DependencyParser.add_label method

Add a new label to the pipe. Note that you don’t have to call this method if you provide a representative data sample to the initialize method. In this case, all labels found in the sample will be automatically added to the model, and the output dimension will be inferred automatically.

NameDescription
labelThe label to add. str

DependencyParser.set_output method

Change the output dimension of the component’s model by calling the model’s attribute resize_output. This is a function that takes the original model and the new output dimension nO, and changes the model in place. When resizing an already trained model, care should be taken to avoid the “catastrophic forgetting” problem.

NameDescription
nOThe new output dimension. int

DependencyParser.to_disk method

Serialize the pipe to disk.

NameDescription
pathA path to a directory, which will be created if it doesn’t exist. Paths may be either strings or Path-like objects. Union[str,Path]
keyword-only
excludeString names of serialization fields to exclude. Iterable[str]

DependencyParser.from_disk method

Load the pipe from disk. Modifies the object in place and returns it.

NameDescription
pathA path to a directory. Paths may be either strings or Path-like objects. Union[str,Path]
keyword-only
excludeString names of serialization fields to exclude. Iterable[str]

DependencyParser.to_bytes method

Serialize the pipe to a bytestring.

NameDescription
keyword-only
excludeString names of serialization fields to exclude. Iterable[str]

DependencyParser.from_bytes method

Load the pipe from a bytestring. Modifies the object in place and returns it.

NameDescription
bytes_dataThe data to load from. bytes
keyword-only
excludeString names of serialization fields to exclude. Iterable[str]

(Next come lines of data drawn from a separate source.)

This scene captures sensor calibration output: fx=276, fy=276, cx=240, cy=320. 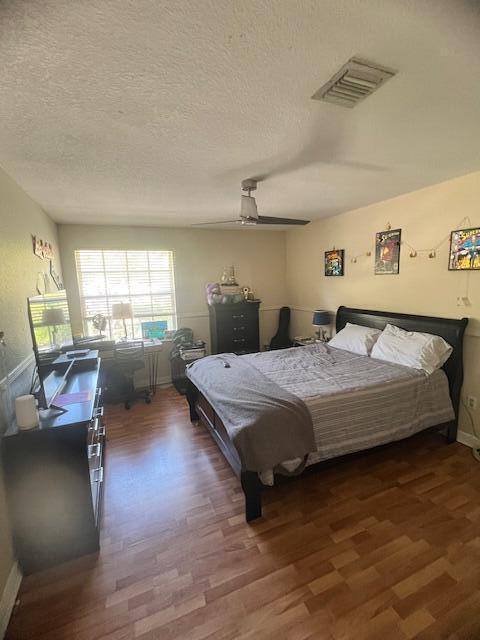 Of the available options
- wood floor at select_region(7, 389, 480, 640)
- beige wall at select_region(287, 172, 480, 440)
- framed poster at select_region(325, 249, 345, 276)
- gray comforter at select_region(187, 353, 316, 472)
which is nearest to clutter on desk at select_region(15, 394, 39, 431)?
wood floor at select_region(7, 389, 480, 640)

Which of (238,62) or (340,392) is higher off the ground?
(238,62)

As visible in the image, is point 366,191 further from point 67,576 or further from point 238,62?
point 67,576

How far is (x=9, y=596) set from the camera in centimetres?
140

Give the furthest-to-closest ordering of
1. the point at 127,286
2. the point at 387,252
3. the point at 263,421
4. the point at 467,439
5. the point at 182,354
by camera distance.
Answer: the point at 127,286
the point at 182,354
the point at 387,252
the point at 467,439
the point at 263,421

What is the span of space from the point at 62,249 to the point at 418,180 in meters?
4.34

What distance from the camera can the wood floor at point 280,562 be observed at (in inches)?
51.4

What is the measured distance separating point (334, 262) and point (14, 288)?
143 inches

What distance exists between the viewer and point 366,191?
2.84m

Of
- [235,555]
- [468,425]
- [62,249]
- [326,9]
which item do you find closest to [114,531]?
[235,555]

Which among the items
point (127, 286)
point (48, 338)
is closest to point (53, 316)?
point (48, 338)

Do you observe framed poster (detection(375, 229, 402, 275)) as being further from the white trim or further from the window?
the white trim

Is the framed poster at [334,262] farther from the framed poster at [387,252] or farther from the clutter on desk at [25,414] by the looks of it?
the clutter on desk at [25,414]

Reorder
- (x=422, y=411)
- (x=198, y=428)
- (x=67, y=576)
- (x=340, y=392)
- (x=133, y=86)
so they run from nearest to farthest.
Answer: (x=133, y=86) < (x=67, y=576) < (x=340, y=392) < (x=422, y=411) < (x=198, y=428)

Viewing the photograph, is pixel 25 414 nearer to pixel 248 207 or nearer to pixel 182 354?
pixel 248 207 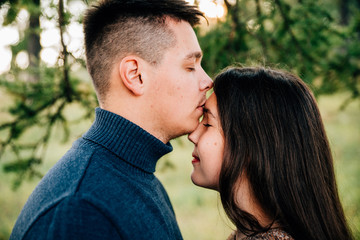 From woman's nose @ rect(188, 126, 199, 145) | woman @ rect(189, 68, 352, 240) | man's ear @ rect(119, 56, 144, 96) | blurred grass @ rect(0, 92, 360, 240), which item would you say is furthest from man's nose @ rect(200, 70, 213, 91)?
blurred grass @ rect(0, 92, 360, 240)

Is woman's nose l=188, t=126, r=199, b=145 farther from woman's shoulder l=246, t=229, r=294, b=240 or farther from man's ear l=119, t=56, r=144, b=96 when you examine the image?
woman's shoulder l=246, t=229, r=294, b=240

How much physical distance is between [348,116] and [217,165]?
40.3ft

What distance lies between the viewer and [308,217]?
182cm

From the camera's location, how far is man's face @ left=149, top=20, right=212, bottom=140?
1.88 m

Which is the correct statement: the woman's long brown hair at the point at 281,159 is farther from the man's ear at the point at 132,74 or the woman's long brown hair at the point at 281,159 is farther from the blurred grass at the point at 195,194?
the blurred grass at the point at 195,194

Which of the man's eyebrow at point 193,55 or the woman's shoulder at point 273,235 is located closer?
the woman's shoulder at point 273,235

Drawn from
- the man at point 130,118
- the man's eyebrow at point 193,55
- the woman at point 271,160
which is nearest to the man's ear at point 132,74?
the man at point 130,118

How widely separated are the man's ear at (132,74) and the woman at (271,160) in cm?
56

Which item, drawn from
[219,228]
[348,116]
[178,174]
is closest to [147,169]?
[219,228]

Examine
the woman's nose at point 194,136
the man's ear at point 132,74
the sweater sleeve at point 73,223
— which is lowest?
the sweater sleeve at point 73,223

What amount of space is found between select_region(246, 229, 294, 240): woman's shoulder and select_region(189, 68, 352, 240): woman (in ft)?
0.06

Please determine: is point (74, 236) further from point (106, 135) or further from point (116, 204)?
point (106, 135)

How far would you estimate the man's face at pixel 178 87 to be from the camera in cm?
188

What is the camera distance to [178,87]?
1.90 metres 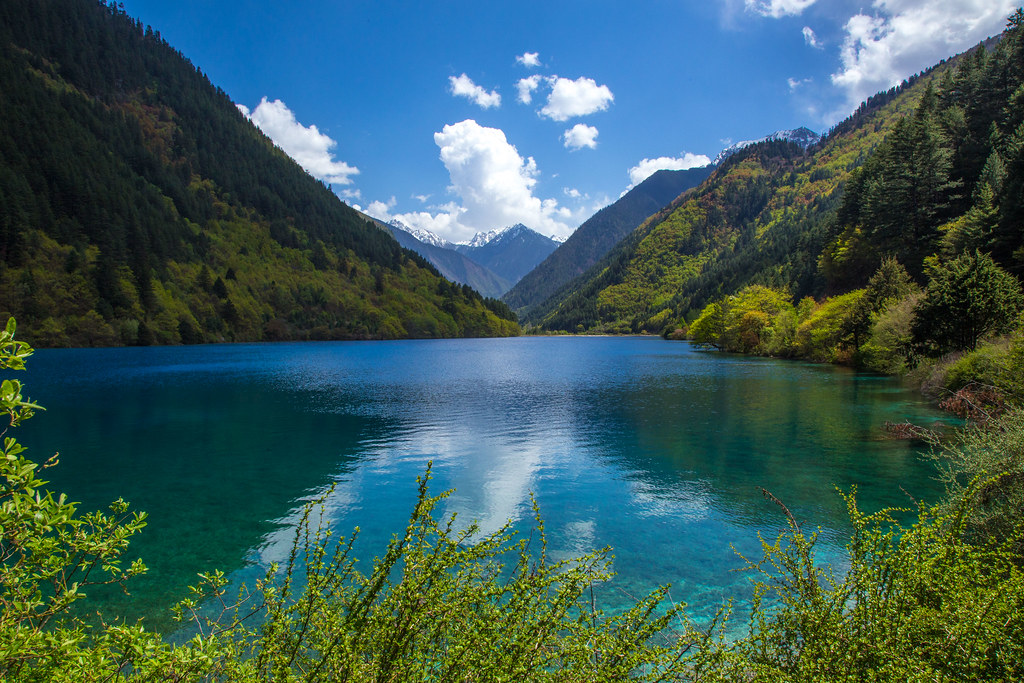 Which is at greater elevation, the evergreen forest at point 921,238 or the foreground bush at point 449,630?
the evergreen forest at point 921,238

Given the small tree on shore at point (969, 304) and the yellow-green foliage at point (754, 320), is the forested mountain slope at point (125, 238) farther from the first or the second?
the small tree on shore at point (969, 304)

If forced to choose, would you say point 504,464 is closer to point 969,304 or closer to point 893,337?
point 969,304

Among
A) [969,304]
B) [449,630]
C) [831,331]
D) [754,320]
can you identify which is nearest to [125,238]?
[754,320]

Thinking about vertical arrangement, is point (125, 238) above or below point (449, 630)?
above

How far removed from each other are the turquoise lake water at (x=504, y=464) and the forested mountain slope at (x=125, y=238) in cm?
7849

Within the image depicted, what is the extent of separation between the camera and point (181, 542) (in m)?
13.8

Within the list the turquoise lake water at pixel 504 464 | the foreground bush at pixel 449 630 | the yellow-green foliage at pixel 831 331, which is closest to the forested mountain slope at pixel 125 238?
the turquoise lake water at pixel 504 464

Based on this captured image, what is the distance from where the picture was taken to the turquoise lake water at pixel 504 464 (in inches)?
525

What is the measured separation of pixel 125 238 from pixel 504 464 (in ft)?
481

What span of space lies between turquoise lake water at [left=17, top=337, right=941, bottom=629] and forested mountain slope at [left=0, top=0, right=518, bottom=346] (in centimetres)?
7849

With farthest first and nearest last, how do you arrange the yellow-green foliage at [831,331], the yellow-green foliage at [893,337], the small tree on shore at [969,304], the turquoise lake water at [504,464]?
the yellow-green foliage at [831,331] < the yellow-green foliage at [893,337] < the small tree on shore at [969,304] < the turquoise lake water at [504,464]

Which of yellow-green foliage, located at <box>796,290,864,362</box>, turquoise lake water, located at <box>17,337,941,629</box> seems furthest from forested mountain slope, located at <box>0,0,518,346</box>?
yellow-green foliage, located at <box>796,290,864,362</box>

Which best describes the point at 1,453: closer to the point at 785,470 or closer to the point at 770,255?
the point at 785,470

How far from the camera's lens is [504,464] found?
21703 millimetres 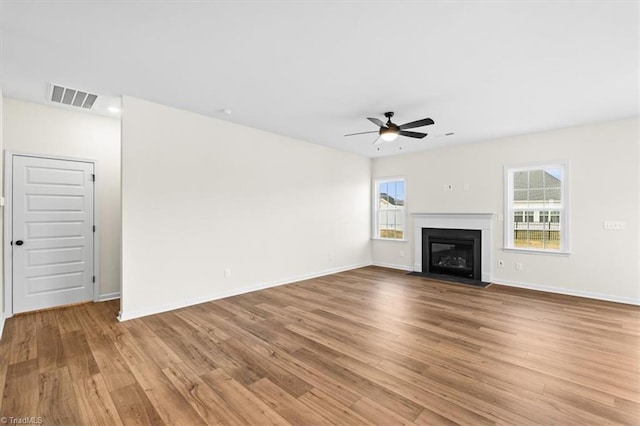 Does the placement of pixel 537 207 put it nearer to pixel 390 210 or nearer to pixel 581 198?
pixel 581 198

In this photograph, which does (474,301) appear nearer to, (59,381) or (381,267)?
(381,267)

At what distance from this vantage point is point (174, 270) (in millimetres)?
4094

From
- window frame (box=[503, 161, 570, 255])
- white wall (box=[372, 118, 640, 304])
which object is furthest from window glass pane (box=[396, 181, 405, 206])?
window frame (box=[503, 161, 570, 255])

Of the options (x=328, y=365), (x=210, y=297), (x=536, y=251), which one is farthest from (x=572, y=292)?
(x=210, y=297)

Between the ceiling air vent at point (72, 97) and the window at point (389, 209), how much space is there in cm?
586

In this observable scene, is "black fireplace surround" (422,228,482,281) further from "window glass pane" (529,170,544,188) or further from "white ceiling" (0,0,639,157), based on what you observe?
"white ceiling" (0,0,639,157)

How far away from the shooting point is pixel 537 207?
526cm

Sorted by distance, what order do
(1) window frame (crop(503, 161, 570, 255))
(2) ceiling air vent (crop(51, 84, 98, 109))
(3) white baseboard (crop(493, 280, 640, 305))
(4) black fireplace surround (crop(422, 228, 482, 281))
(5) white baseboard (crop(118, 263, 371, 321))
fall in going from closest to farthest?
(2) ceiling air vent (crop(51, 84, 98, 109)) < (5) white baseboard (crop(118, 263, 371, 321)) < (3) white baseboard (crop(493, 280, 640, 305)) < (1) window frame (crop(503, 161, 570, 255)) < (4) black fireplace surround (crop(422, 228, 482, 281))

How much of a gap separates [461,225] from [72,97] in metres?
6.70

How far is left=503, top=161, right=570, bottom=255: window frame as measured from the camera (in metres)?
4.88

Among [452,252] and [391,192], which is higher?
[391,192]

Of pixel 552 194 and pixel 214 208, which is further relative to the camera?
pixel 552 194

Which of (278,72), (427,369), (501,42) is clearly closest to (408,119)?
(501,42)

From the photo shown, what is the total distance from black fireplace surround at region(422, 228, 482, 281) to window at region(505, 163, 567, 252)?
0.62 meters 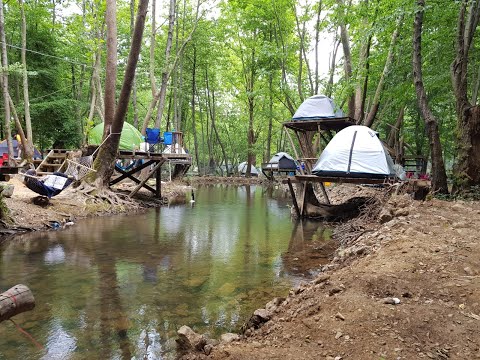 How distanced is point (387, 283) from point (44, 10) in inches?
872

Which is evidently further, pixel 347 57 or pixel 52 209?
pixel 347 57

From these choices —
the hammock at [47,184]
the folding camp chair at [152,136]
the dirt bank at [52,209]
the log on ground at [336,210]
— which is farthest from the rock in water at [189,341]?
the folding camp chair at [152,136]

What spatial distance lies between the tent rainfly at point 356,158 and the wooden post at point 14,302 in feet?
28.6

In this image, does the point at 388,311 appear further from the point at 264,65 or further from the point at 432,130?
the point at 264,65

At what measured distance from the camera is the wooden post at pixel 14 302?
2.42 meters

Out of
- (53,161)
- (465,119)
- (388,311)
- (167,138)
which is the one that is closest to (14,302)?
(388,311)

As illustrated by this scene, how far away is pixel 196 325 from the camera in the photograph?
4.03 m

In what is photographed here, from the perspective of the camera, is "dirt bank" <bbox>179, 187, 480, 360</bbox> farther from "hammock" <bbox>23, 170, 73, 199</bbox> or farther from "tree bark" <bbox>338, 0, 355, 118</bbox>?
"tree bark" <bbox>338, 0, 355, 118</bbox>

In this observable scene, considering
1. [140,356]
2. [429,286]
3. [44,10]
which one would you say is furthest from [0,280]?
[44,10]

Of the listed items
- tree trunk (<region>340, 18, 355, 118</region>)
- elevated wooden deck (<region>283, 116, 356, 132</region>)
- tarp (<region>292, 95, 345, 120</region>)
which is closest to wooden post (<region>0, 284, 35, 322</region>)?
elevated wooden deck (<region>283, 116, 356, 132</region>)

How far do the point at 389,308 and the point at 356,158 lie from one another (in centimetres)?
748

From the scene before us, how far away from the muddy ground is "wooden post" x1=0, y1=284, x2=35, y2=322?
1.37m

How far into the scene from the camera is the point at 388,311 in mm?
2998

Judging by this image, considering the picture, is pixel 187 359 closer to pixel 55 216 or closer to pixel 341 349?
pixel 341 349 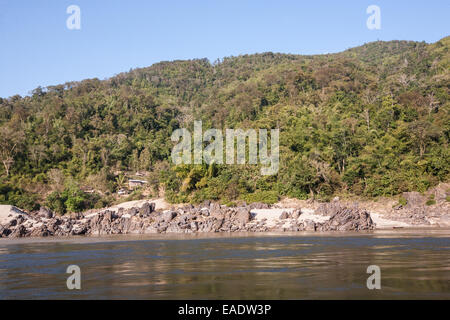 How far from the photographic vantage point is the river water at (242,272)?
29.0ft

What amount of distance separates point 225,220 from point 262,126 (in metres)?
18.8

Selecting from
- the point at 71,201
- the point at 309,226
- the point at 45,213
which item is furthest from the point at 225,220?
the point at 45,213

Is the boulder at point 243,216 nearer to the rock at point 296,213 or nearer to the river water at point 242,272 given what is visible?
the rock at point 296,213

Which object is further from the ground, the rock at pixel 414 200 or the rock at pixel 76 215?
the rock at pixel 414 200

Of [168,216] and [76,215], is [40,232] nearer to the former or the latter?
[76,215]

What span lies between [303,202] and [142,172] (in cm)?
2360

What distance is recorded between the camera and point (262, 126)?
1829 inches

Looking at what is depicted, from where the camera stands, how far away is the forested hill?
34469 millimetres

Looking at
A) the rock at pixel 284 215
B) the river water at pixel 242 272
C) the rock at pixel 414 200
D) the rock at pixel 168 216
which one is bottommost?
the rock at pixel 168 216

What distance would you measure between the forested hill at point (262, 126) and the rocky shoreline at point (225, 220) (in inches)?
116

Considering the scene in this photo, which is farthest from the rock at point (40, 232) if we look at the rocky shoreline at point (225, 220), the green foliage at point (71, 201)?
the green foliage at point (71, 201)

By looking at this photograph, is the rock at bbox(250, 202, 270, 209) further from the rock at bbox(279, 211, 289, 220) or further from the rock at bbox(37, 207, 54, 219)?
the rock at bbox(37, 207, 54, 219) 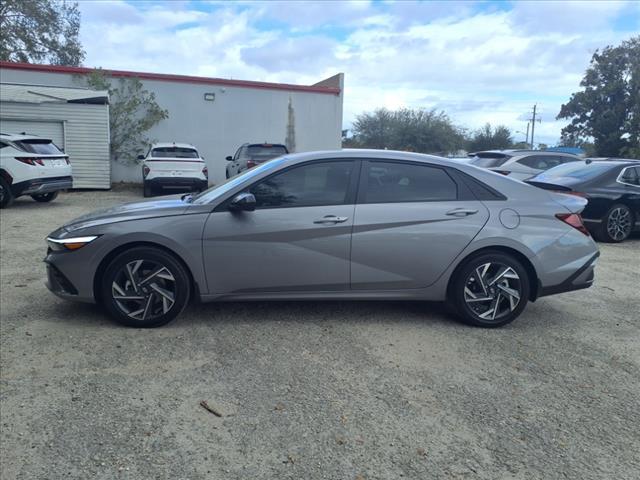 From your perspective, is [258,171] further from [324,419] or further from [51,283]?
[324,419]

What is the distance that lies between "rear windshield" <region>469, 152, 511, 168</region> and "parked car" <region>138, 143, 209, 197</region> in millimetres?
7214

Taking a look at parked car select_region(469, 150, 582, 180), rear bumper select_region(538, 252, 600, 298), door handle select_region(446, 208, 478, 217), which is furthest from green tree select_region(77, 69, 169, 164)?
rear bumper select_region(538, 252, 600, 298)

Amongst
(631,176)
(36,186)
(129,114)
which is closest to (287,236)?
(631,176)

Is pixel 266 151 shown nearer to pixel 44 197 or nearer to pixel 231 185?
pixel 44 197

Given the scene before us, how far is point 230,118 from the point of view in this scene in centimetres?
2103

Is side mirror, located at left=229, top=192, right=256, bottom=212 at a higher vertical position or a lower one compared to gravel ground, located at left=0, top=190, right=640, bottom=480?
higher

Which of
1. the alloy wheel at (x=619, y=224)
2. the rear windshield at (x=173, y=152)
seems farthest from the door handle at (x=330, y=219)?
the rear windshield at (x=173, y=152)

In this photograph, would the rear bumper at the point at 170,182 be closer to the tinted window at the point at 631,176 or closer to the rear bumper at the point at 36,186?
the rear bumper at the point at 36,186

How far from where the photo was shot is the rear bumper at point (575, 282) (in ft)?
16.0

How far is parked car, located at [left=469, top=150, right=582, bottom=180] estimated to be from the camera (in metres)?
13.0

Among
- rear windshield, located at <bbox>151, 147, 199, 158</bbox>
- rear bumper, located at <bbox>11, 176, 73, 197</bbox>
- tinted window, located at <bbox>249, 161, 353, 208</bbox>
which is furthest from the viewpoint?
rear windshield, located at <bbox>151, 147, 199, 158</bbox>

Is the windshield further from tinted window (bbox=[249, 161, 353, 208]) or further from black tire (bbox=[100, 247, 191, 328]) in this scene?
black tire (bbox=[100, 247, 191, 328])

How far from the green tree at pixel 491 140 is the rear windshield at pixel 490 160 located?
3301cm

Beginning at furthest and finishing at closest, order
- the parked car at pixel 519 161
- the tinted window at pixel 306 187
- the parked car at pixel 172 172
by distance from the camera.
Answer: the parked car at pixel 172 172 → the parked car at pixel 519 161 → the tinted window at pixel 306 187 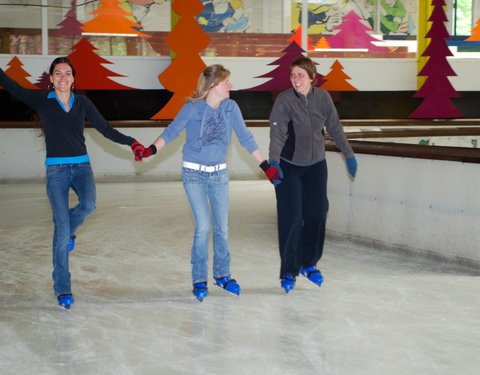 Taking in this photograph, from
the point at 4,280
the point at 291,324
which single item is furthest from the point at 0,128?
the point at 291,324

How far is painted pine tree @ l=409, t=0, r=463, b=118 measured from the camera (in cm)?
1333

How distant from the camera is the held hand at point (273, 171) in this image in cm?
443

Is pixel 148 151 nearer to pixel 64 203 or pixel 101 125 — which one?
pixel 101 125

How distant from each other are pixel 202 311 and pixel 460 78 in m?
10.7

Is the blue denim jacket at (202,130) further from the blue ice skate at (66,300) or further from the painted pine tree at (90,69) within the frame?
the painted pine tree at (90,69)

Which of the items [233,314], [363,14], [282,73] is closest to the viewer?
[233,314]

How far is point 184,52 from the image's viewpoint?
12.4 meters

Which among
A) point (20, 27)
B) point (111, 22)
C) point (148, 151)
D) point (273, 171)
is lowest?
point (273, 171)

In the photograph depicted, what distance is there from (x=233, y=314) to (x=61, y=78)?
4.84 feet

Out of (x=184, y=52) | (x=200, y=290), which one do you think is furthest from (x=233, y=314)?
(x=184, y=52)

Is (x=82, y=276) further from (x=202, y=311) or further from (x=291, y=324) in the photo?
(x=291, y=324)

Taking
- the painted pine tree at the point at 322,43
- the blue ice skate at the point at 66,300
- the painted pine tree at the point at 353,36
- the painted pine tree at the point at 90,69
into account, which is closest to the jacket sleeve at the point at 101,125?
the blue ice skate at the point at 66,300

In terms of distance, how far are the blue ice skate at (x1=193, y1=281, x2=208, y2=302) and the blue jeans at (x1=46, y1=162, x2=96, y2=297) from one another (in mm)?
677

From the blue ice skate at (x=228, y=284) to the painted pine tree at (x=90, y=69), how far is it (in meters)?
8.41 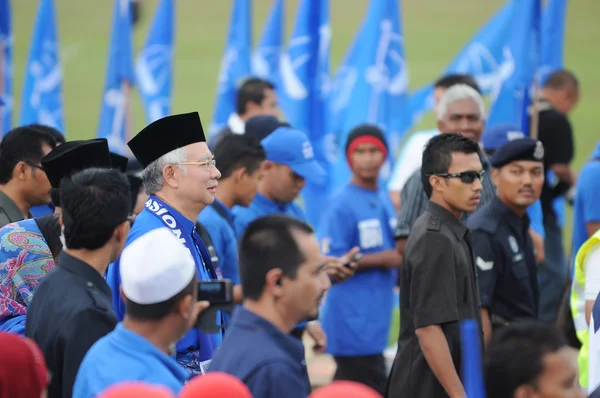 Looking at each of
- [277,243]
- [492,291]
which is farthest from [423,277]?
[277,243]

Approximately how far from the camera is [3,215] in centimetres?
552

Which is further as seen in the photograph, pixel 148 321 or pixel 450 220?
pixel 450 220

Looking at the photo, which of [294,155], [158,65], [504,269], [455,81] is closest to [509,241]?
[504,269]

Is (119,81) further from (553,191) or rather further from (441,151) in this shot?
(441,151)

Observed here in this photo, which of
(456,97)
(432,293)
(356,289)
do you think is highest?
(456,97)

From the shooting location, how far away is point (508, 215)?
5930 mm

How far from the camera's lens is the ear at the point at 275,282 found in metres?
3.49

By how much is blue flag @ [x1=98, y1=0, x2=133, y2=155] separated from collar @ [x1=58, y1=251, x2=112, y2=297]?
25.5 feet

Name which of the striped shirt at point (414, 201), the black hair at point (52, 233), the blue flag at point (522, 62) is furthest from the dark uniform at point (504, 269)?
the blue flag at point (522, 62)

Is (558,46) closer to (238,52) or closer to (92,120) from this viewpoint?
(238,52)

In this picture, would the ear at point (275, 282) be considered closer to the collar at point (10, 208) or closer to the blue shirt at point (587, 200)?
the collar at point (10, 208)

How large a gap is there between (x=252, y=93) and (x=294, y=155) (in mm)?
2801

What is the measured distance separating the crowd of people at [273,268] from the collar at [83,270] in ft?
0.04

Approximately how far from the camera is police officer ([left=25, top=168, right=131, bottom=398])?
3793mm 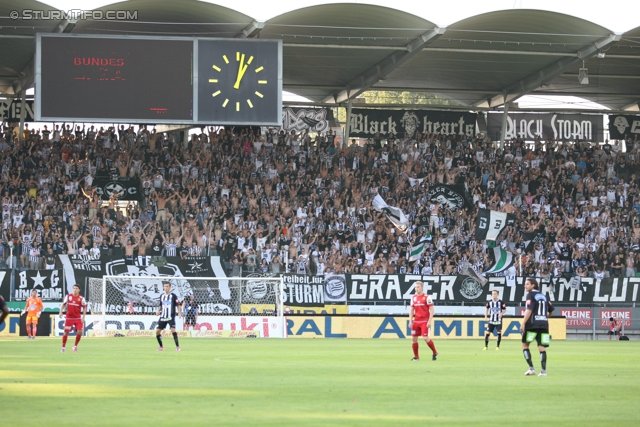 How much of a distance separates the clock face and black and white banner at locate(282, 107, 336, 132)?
13.6 metres

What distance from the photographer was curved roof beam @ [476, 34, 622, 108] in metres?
41.6

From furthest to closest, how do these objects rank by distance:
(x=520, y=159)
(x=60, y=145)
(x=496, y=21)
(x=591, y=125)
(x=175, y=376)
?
1. (x=591, y=125)
2. (x=520, y=159)
3. (x=60, y=145)
4. (x=496, y=21)
5. (x=175, y=376)

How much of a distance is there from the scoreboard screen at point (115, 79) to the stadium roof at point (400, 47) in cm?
182

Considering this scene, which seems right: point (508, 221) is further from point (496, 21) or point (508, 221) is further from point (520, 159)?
point (496, 21)

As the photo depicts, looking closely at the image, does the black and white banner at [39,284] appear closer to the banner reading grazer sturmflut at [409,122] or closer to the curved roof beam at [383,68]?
the curved roof beam at [383,68]

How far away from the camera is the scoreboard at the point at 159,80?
3459 cm

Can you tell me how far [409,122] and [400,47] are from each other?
33.2ft

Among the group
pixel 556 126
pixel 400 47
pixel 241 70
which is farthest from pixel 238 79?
pixel 556 126

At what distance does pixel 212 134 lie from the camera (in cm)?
4484

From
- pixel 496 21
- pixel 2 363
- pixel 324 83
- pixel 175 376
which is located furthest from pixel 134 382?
pixel 324 83

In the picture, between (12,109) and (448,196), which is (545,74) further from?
(12,109)

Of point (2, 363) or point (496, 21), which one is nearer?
point (2, 363)

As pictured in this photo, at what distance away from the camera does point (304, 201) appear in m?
42.3

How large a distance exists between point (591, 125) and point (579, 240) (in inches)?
493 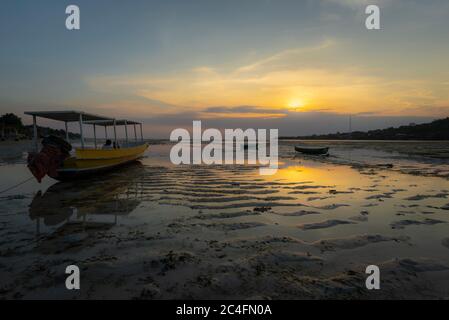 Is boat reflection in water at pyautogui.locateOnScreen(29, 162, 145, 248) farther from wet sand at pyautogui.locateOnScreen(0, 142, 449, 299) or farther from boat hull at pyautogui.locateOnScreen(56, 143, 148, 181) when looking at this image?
boat hull at pyautogui.locateOnScreen(56, 143, 148, 181)

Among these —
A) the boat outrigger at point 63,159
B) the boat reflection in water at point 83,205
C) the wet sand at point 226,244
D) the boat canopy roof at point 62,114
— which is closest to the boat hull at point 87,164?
the boat outrigger at point 63,159

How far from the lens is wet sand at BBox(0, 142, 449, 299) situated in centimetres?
429

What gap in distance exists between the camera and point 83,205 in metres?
9.92

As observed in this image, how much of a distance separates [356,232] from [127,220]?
6.56m

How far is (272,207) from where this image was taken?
31.2 ft

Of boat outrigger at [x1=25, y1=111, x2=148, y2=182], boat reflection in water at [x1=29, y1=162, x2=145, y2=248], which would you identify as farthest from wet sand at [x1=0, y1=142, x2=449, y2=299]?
boat outrigger at [x1=25, y1=111, x2=148, y2=182]

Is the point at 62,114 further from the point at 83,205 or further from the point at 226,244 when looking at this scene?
the point at 226,244

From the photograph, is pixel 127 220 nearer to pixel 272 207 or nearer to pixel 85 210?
pixel 85 210

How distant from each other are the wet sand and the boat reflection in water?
0.23ft

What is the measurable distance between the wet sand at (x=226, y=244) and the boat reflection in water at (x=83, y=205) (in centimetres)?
7

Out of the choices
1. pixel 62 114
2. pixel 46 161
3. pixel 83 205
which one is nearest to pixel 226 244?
pixel 83 205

DependencyParser.labels property

The labels currently added to the component.

NameDescription

DependencyParser.label_data propertyv3.0

The labels currently added to the component and their internal meta information. This is the data generated by init labels and used by DependencyParser.initialize to initialize the model with a pre-defined label set.

NameDescription

Serialization fields

During serialization, spaCy will export several data fields used to restore different aspects of the object. If needed, you can exclude them from serialization by passing in the string names via the exclude argument.

NameDescription
vocabThe shared Vocab.
cfgThe config file. You usually don’t want to exclude this.
modelThe binary model data. You usually don’t want to exclude this.